### ACTION ITEM
Word for word, write the lines below out again, with no pictures.
START COLLECTED DATA
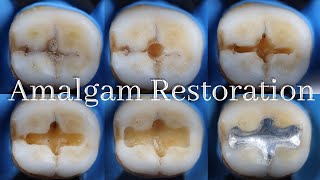 Amalgam Restoration ⚪️ Class I Amalgam Cavity Preparation amp Restoration [upl. by Crow265]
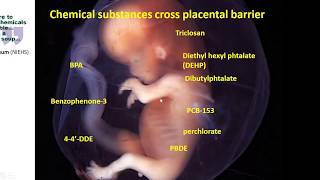 CHE Webinar: Deciphering Thyroid Hormone Disruption During Development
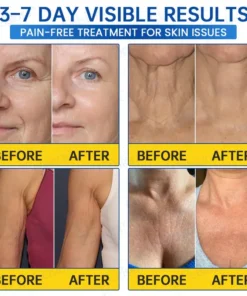 Celsiora® Botox & PDRN Anti-Wrinkle Shot Lift & Firming Cream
END COLLECTED DATA
### SOLUTION FOR THIS PROBLEM
 Amalgam Restoration ⚪️ Class I Amalgam Cavity Preparation amp Restoration [upl. by Crow265]
 CHE Webinar: Deciphering Thyroid Hormone Disruption During Development
 Celsiora® Botox & PDRN Anti-Wrinkle Shot Lift & Firming Cream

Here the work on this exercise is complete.